President Jim Tressel envisions a Youngstown State University connected both physically and synergistically to the community.
“We’re at an important crossroads in the history of YSU,” Tressel said during a presentation Tuesday on campus.
In the talk dubbed “Next-YSU: A New Look for a New Era,” the university president talked about plans for more student housing and retail space near campus, road improvements, office relocation on campus and plans for an entrepreneurial hub.
Overall, the ideas got a warm reception from those around campus.
“This is all happening because of President Tressel,” said Paul McFadden, president of the YSU Foundation.

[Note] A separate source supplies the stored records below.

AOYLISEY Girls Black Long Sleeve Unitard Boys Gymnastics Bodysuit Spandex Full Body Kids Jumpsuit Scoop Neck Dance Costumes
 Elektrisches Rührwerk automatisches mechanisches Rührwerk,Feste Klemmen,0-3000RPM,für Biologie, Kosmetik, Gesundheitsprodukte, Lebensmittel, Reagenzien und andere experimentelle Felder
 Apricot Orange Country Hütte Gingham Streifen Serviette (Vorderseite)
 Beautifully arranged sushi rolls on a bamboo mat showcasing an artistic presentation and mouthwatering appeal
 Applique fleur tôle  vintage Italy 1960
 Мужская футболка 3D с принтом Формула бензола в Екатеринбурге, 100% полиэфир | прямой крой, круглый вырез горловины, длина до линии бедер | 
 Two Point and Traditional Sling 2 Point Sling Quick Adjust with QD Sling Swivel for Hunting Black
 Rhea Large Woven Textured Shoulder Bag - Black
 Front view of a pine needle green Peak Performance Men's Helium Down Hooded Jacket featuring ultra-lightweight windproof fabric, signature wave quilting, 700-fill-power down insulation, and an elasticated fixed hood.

Area lawmakers support Tressel’s plans.
“I think he does a very good job of putting his vision out there and getting the Valley behind that vision,” said state Sen. Joe Schiavoni of Boardman, D-33rd.
Tressel outlined several projects and plans:
Student apartment complexes
University Edge is on Rayen and Lincoln avenues between Fifth and Belmont avenues. The Enclave, by LRC of Akron, is planned for Wick Avenue between Lincoln and Rayen avenues. NYO Property of Youngstown plans another set of apartments on the southeast corner of Wick and Rayen avenues.
University Edge’s first phase is expected to open this fall with 162 beds, all of which have been leased. A second phase would include 220 beds and is expected to open in fall 2017. Retail establishments are also part of the plan.
Tressel said the population of the five-county area from which YSU has historically drawn 85 percent of its students is shrinking. To attract students from outside the area, they have to have places to live, he said.
Mayor John A. McNally agreed. “I think for the university to compete, it really needs more housing for students,” he said.
Smith Hall on Fifth Avenue will be demolished to complete the project’s second phase.
“It will lead to more development over there,” the mayor said.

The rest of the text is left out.